Cheap gas helps drive the Chinese GDP. The trucking industry is critical to moving goods around the country and to ports for shipment overseas. Only a tiny faction of the population owns cars. That is changing as household income rises, especially around the big cities. China has local car-makers, but it is a rich market for vehicles built by GM (GM), Toyota (TM), VW, and most of the other large global car companies.
The large difference between crude prices and gas is beginning to show up more prominently in the P&Ls of China’s largest oil operations. According to the AP "China’s second-biggest oil company, Sinopec, says its first quarter profit fell 69 percent due to government controls that bar it from passing on record crude costs to consumers." The firm is offers some subsidies to make up the difference, but they are not enough.
Over the last six months, shares in PetroChina (PTR) and China Petroleum (SNP) ,as Sinopec is known, are well down. SNP has fallen by 30% and PTR by 40%. Shares of Exxon (XOM) are flat over that period.

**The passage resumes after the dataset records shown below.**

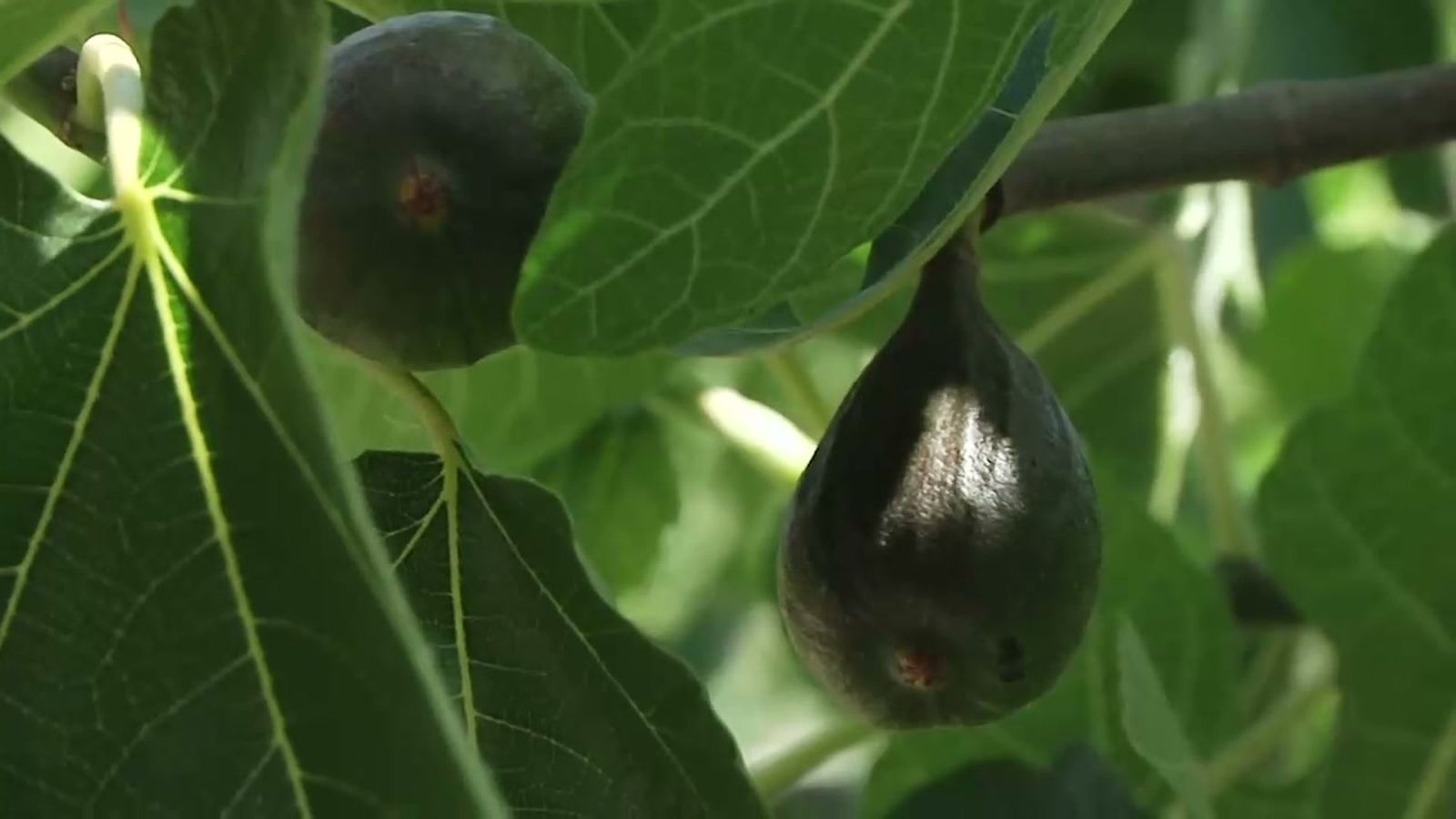 Las frutas de temporada se encuentran ya a punto de madurar en las huertas tradicionales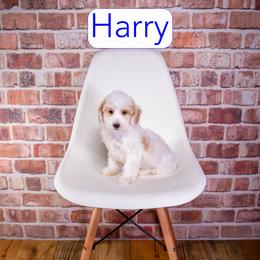 Harry - Parti male Goldendoodle puppy in Calhoun, Georgia from Happy Top Doodles
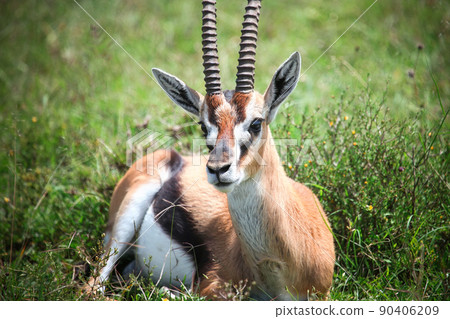 Thomson's gazelle Thomson's gazelle 90406209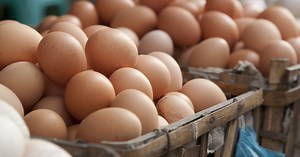 Comment savoir si un oeuf est bon ?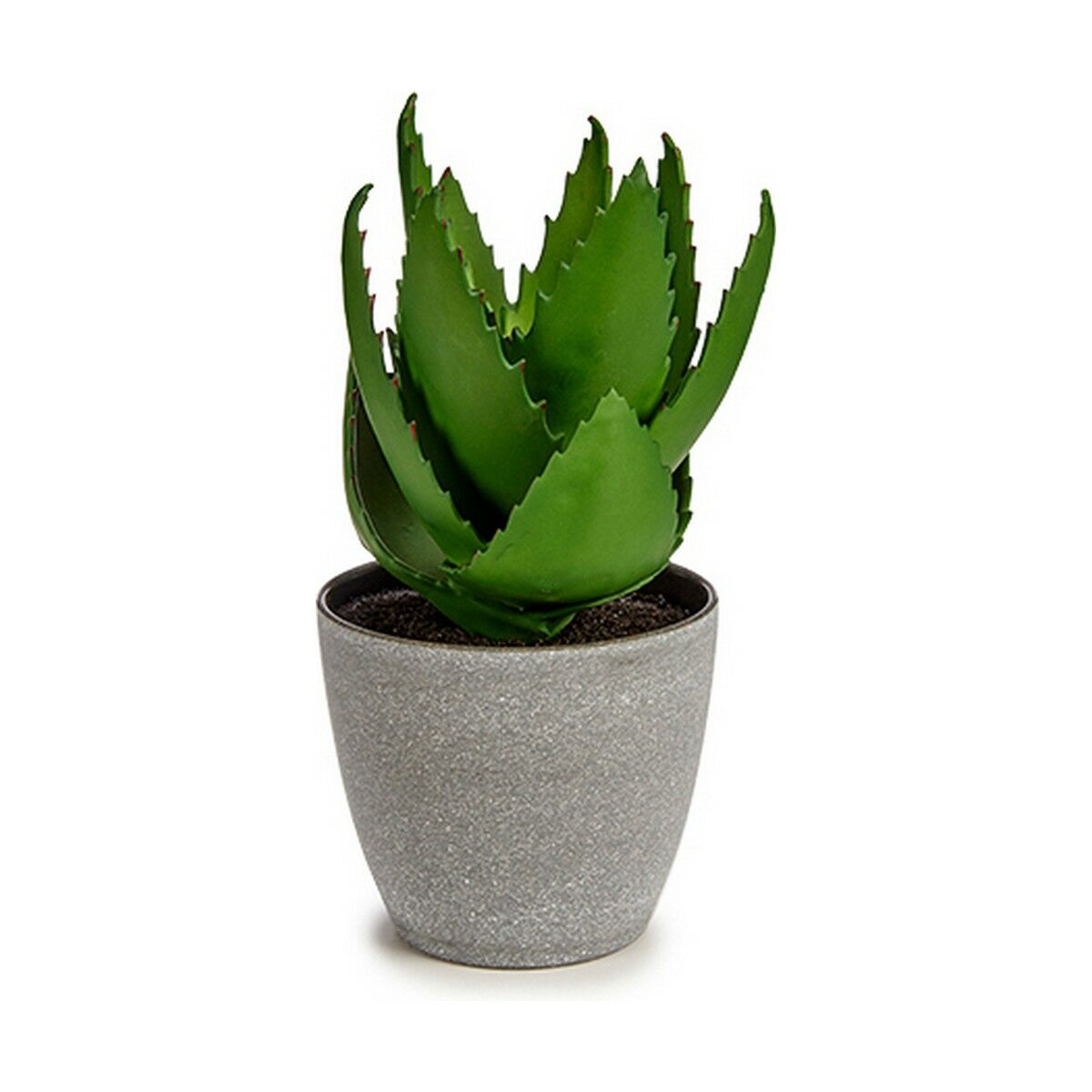 Dekorativ växt Ibergarden Plast Aloe Vera 15 x 23,5 x 15 cm (6 antal) - 4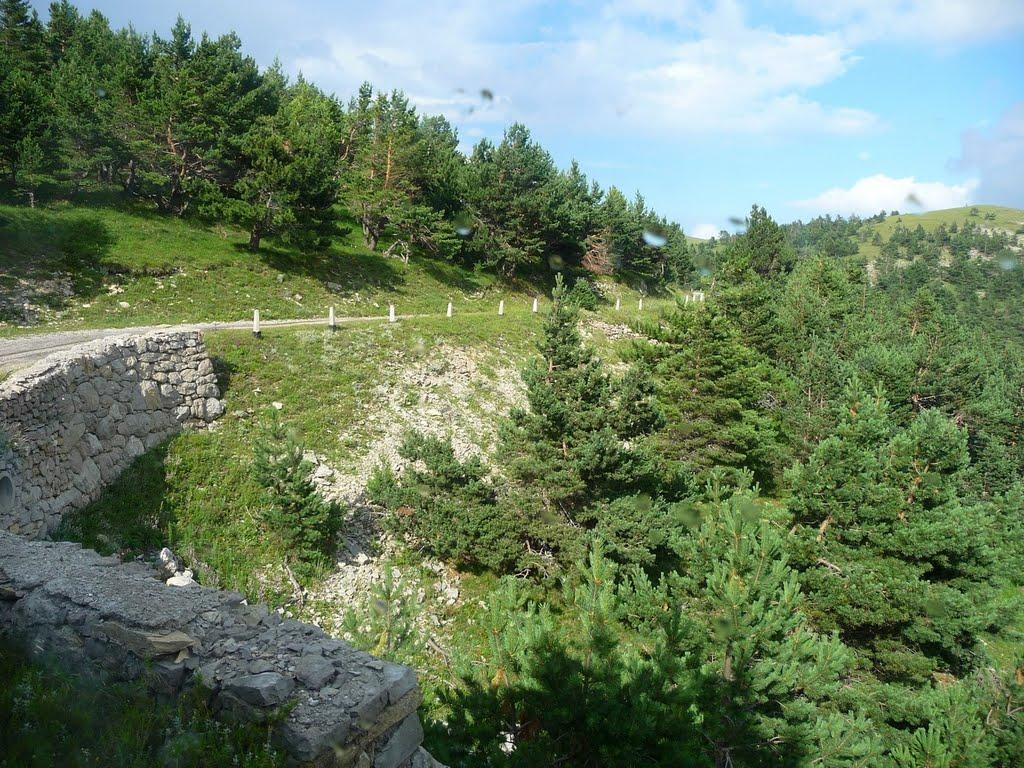 Совєтське з panoramio.com (ч.2) - Советское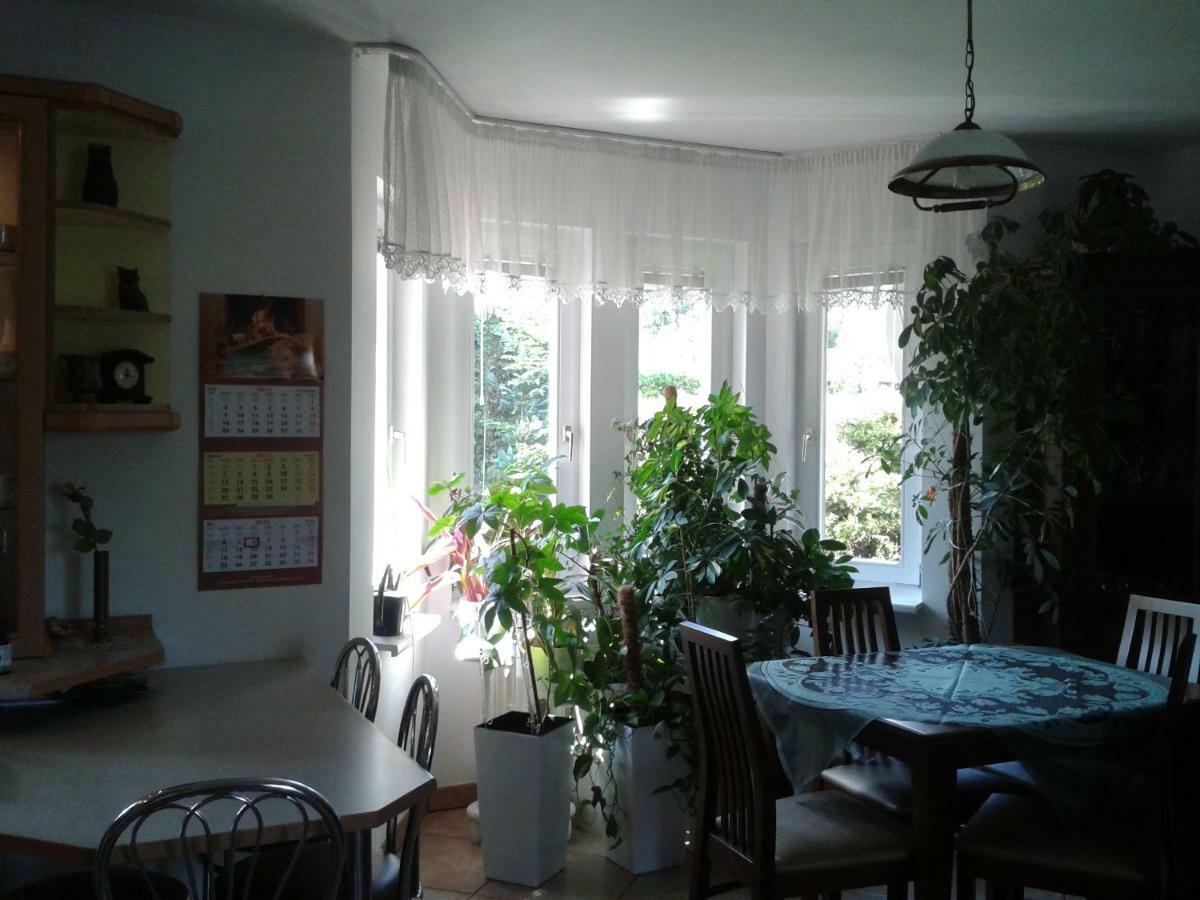 Dom Na Skarpie Wierzbica (Legionowo) Exterior foto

Public shareholders are being punished for the government policy, but it will not end there. If the economy in China slows, the treasury will find it harder and harder to finance the underwriting of gas prices. China may have to pour more money into the market to support its actions. Or, it may have to let the price of fuel move up.
In a country where inflation already borders on double digits, an oil crisis is brewing. It will be not long until it will moves out into the open.